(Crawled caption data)
========

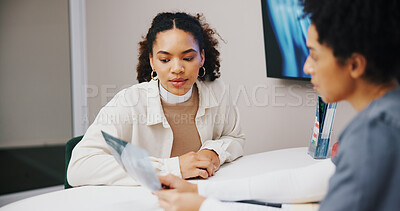 Buy stock photo Doctor, woman and talking to patient with x ray for medical results or advice in healthcare consultation. Clinic, person and radiology scan with paperwork or document for diagnosis or feedback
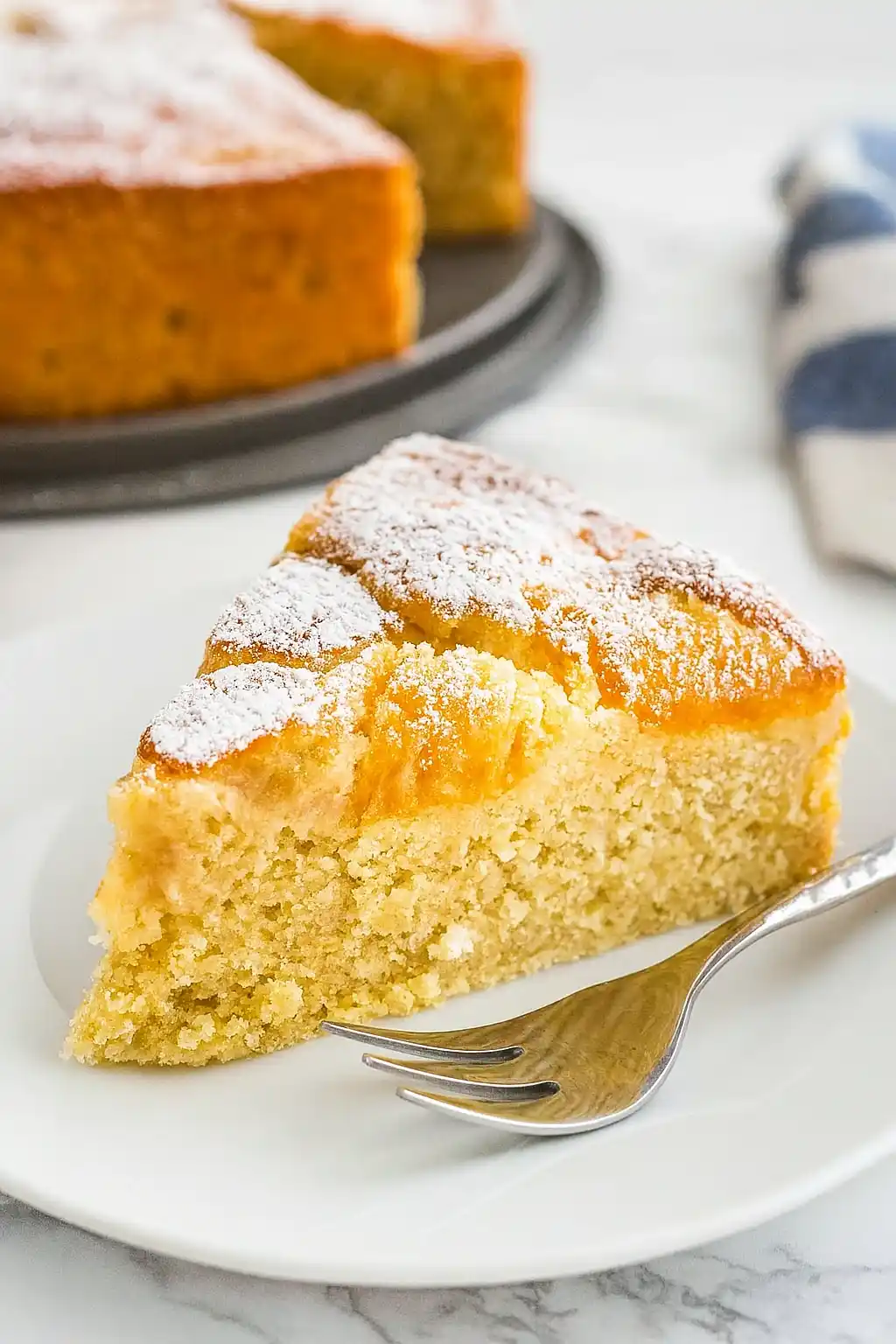 Gros plan d'une part de gateau abricot frais, délicatement saupoudrée de sucre glace, présentée sur une assiette blanche avec une fourchette. La texture moelleuse du gâteau contraste avec la douceur des abricots.
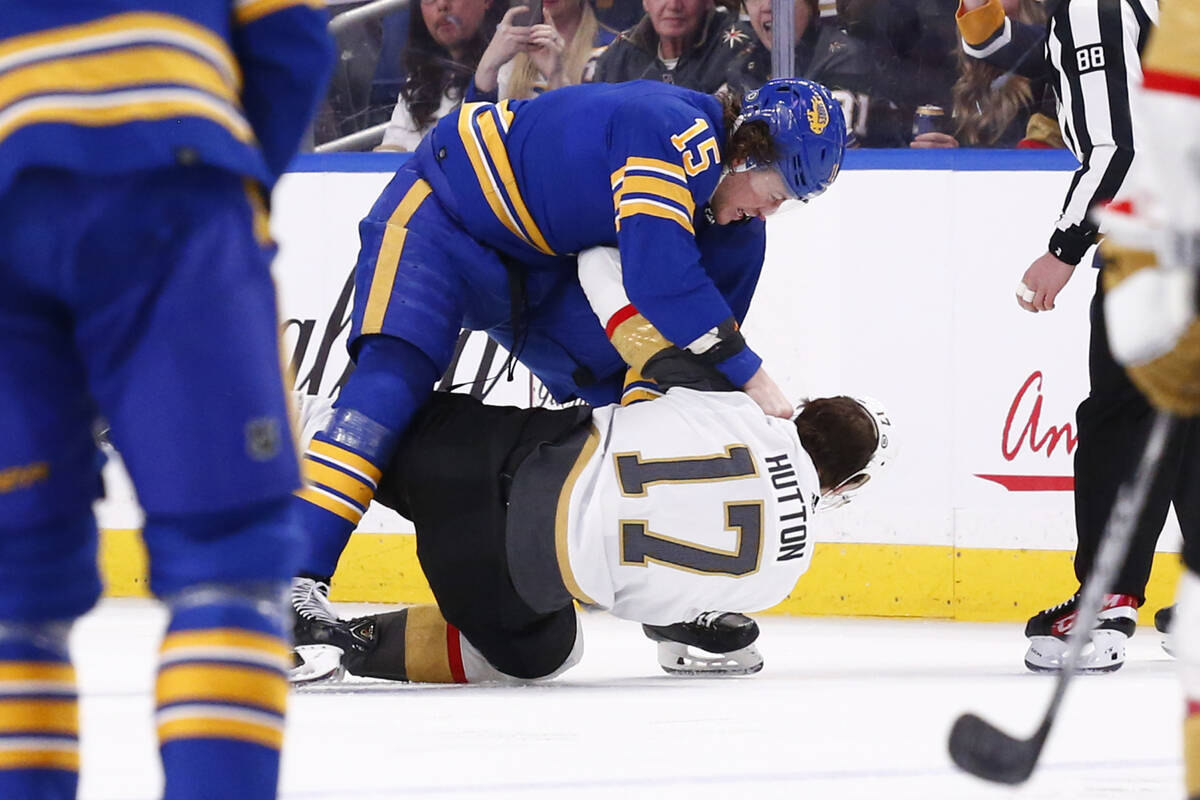 Buffalo Sabres center John Hayden (15) and Vegas Golden Knights defenseman Ben Hutton (17) figh ...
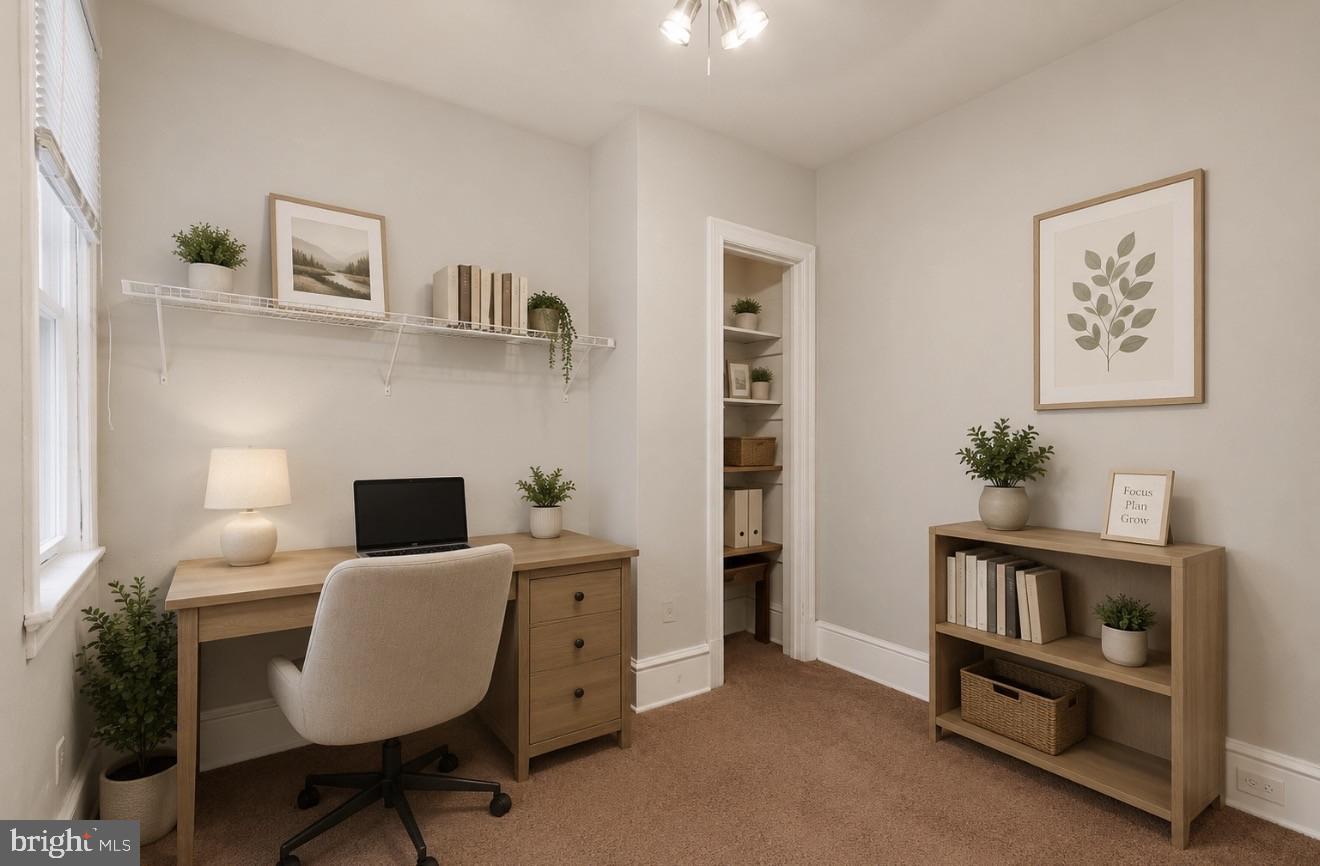 4817 Ridge Avenue Philadelphia, PA 19129 - Photo 12 of 34 a view of a workspace with furniture and a bedroom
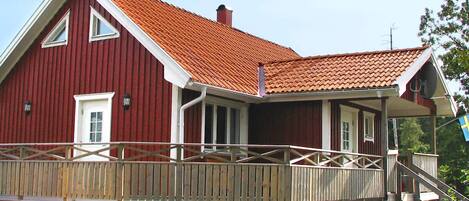 Een rode houten woning met een rode dakbedekking, een veranda en een houten terras.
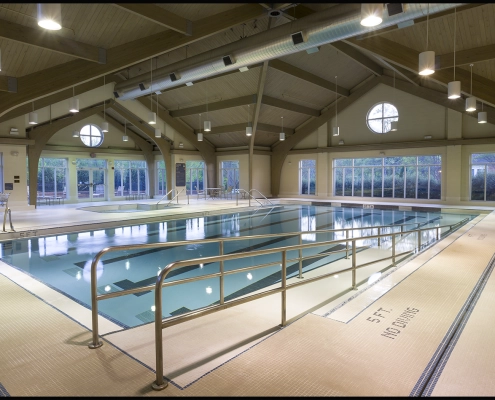Indoor swimming pool with exposed wood beams and large windows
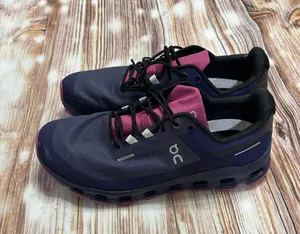 On | Cloudvista Waterproof Trail Running Shoe (Women) |10 Waterproof: protects against rain, puddles and slush to keep feet dry in wet conditions Trail: provides superior stability and traction on hills, uneven surfaces and changing terrain Lightweight: puts cushioning and performance underfoot with an emphasis on streamlined comfort Removable, cushioned insole allows for custom orthotics Helion™ superfoam cushioning delivers lightweight energy return even in hot and cold temperatures CloudTec® sole provides a smooth ride that moves naturally with each stride Missiongrip™ multidirectional lugs in the tread maintain superior grip on changing terrain Synthetic and textile upper/textile lining/rubber sole thumbnail 3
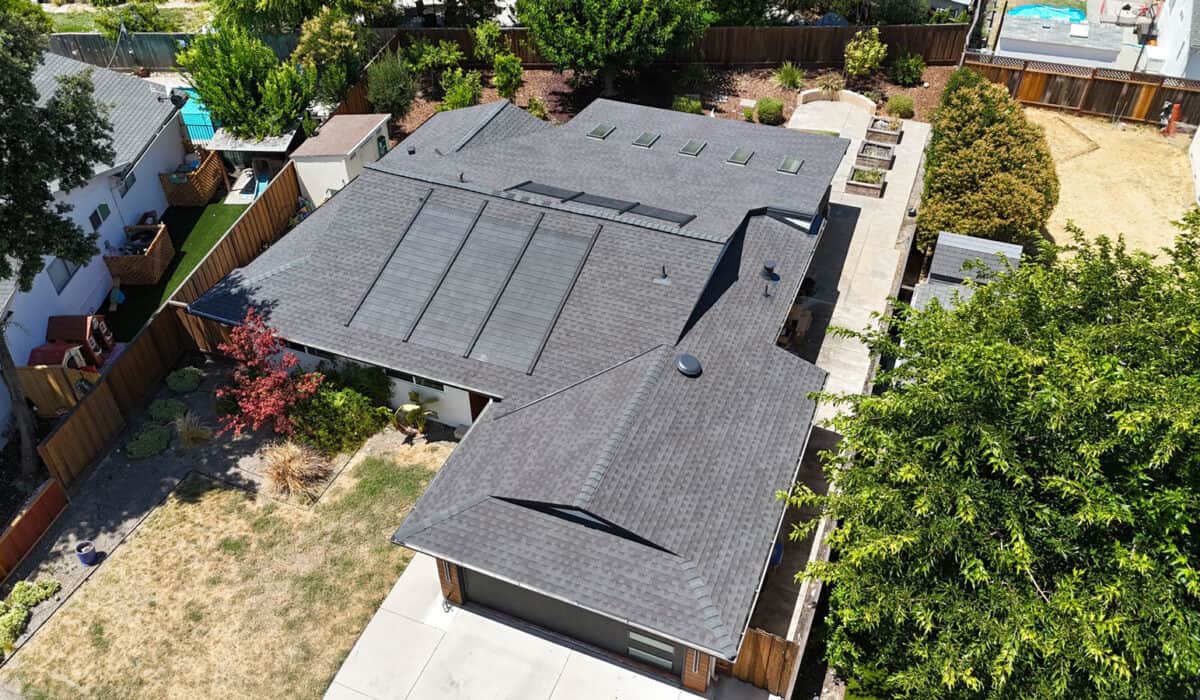 Completed shingle and solar roof installation on Ocho Rios Dr in San Jose by ELM Roofing.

========

**TASK STATEMENT**
All records, pictures excluded: copy them exactly.

**WRITTEN ANSWER**
 Buy stock photo Doctor, woman and talking to patient with x ray for medical results or advice in healthcare consultation. Clinic, person and radiology scan with paperwork or document for diagnosis or feedback
 Gros plan d'une part de gateau abricot frais, délicatement saupoudrée de sucre glace, présentée sur une assiette blanche avec une fourchette. La texture moelleuse du gâteau contraste avec la douceur des abricots.
 Buffalo Sabres center John Hayden (15) and Vegas Golden Knights defenseman Ben Hutton (17) figh ...
 4817 Ridge Avenue Philadelphia, PA 19129 - Photo 12 of 34 a view of a workspace with furniture and a bedroom
 Een rode houten woning met een rode dakbedekking, een veranda en een houten terras.
Indoor swimming pool with exposed wood beams and large windows
 On | Cloudvista Waterproof Trail Running Shoe (Women) |10 Waterproof: protects against rain, puddles and slush to keep feet dry in wet conditions Trail: provides superior stability and traction on hills, uneven surfaces and changing terrain Lightweight: puts cushioning and performance underfoot with an emphasis on streamlined comfort Removable, cushioned insole allows for custom orthotics Helion™ superfoam cushioning delivers lightweight energy return even in hot and cold temperatures CloudTec® sole provides a smooth ride that moves naturally with each stride Missiongrip™ multidirectional lugs in the tread maintain superior grip on changing terrain Synthetic and textile upper/textile lining/rubber sole thumbnail 3
 Completed shingle and solar roof installation on Ocho Rios Dr in San Jose by ELM Roofing.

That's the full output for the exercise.